Age NI
- Company type: Charity
- Founded: April 2009
- Headquarters: Northern Ireland
- Key people: Linda Robinson
- Website: www.ageni.org

= Age NI =

Northern Irish older adult nonprofit

Age NI is a registered charity in Northern Ireland, formed in April 2009, which combines the operations of the previously separate charities Age Concern NI and Help the Aged in Northern Ireland to form Northern Ireland's largest charity for older people. The charity operated under its original charity names as "Age Concern NI and Help the Aged in Northern Ireland" until the new brand launched on 26 March 2010. It also works interdependently with charities for the nations called Age Cymru, Age Scotland and Age UK.

==Structure==
Age NI was formed from the merger of Age Concern NI and Help the Aged in Northern Ireland, creating an organisation with a combined income of around £5 million, raised through corporate partnerships, fundraising, public funding and charity shops.

Anne O'Reilly, previously Deputy Chief Commissioner of the Equality Commission, was appointed Chief Executive of the new charity in April 2009. Her previous experience includes ten years as the Director of Help the Aged in Northern Ireland, Chair of NICVA for six years, Chair of Engage with Age (an interagency community development partnership) and Director of Women's Resource and Development Agency.

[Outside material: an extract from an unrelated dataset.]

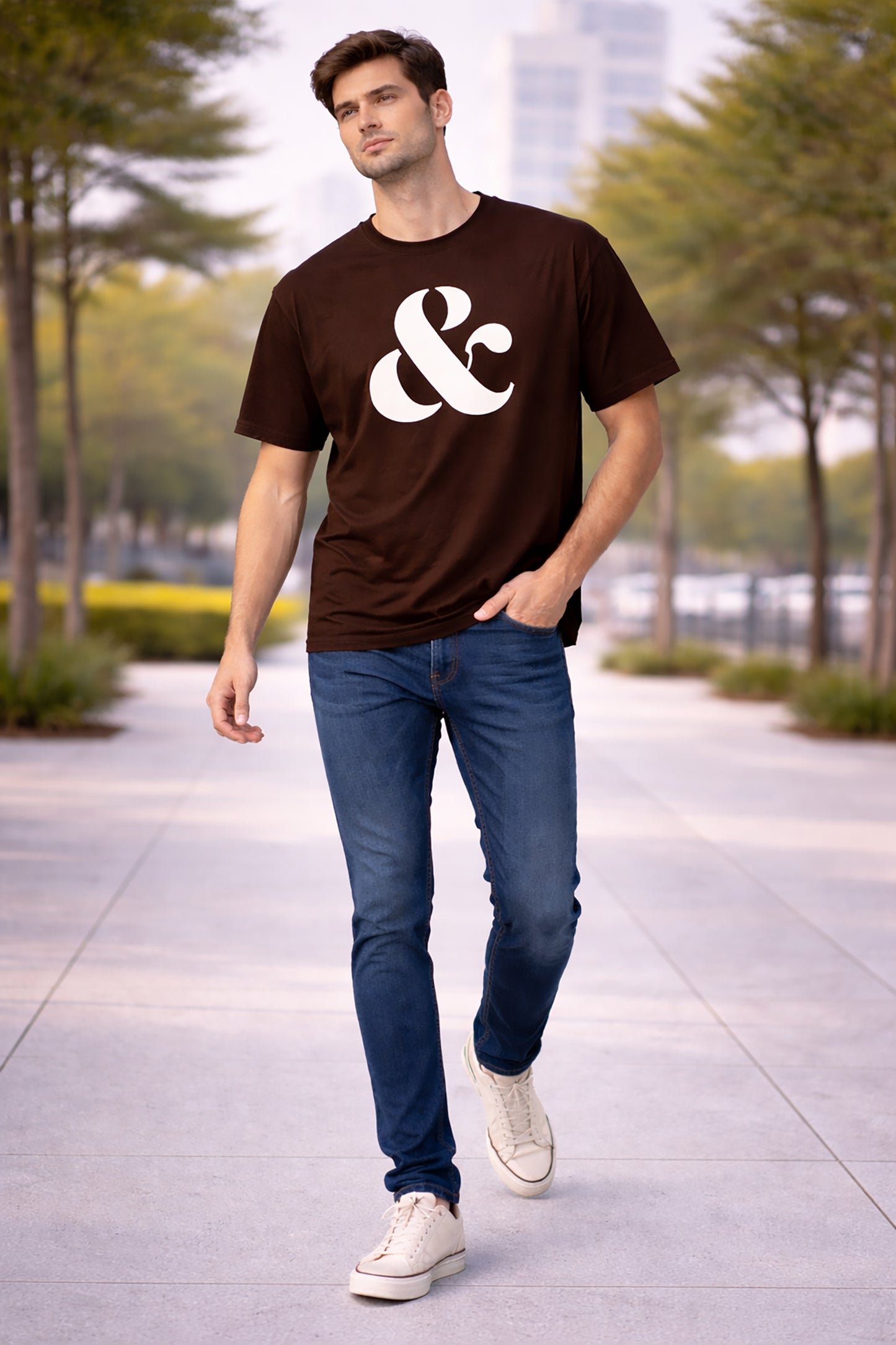Coffee Brown Men’s Graphic Print T-Shirt – Regular Fit Casual Wear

Age NI adopts shared governance as part of its organisational culture. This is to ensure those primarily affected by the decisions of the organisation are given the opportunity to be involved in the decision making process.

==History==

===Age Concern===
Age Concern's origins are British and can be traced back to a realisation in that country of the effects on aged people of the Second World War; the dislocation and breakdown of family life arising out of conscription led to a recognition that existing poor laws failed to provide effective support for old people separated from family support networks.

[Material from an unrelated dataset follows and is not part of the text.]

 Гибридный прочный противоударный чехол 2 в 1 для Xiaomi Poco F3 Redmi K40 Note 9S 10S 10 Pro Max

In 1940, the Old People's Welfare Committee (OPWC), chaired by Eleanor Rathbone, was formed as a forum for discussion between government and voluntary organisations. OPWC was a sub-committee of Liverpool Personal Service Society (PSS). In 1944, the committee changed its name to the National Old People's Welfare Committee (NOPWC), and took on responsibility for coordinating the activities of numerous local OPWCs.

From the 1950s onwards, NOPWC accessed government and local funds associated with the post-war development of the welfare state, to provide services to local committees, and training to wardens of old people's homes.

In 1971, under the direction of David Hobman, the NOPWC changed its public name to Age Concern, and separated itself entirely from government and the National Council for Social Service, now NCVO. It did so while also launching a 'manifesto for old age' and establishing itself nationally as a lobbying body as well as an organisation that engaged in service provision and enhancement, training and research.

The directors of Age Concern England have included David Hobman, Baroness Greengross, and Gordon Lishman - the current Director General.

In 1986 Age Concern established an Institute of Gerontology at King's College London into which it folded its own Age Concern Research Unit.

===Help the Aged===
Help the Aged was founded in 1961 by Cecil Jackson-Cole, with the aim to free disadvantaged older people from poverty, isolation and neglect.

==Branding==

The two brand logos from the merged charities will gradually disappear now that the new Age NI brand has been launched (on 26 March 2010) and new brand-awareness develops during 2010.

Anne O'Reilly, the charity's Chief Executive, stated "By 2029, the number of over 60s here will increase to 600,000. Ageing is a global phenomenon. Age needs a voice in Northern Ireland and now it has one - Age NI."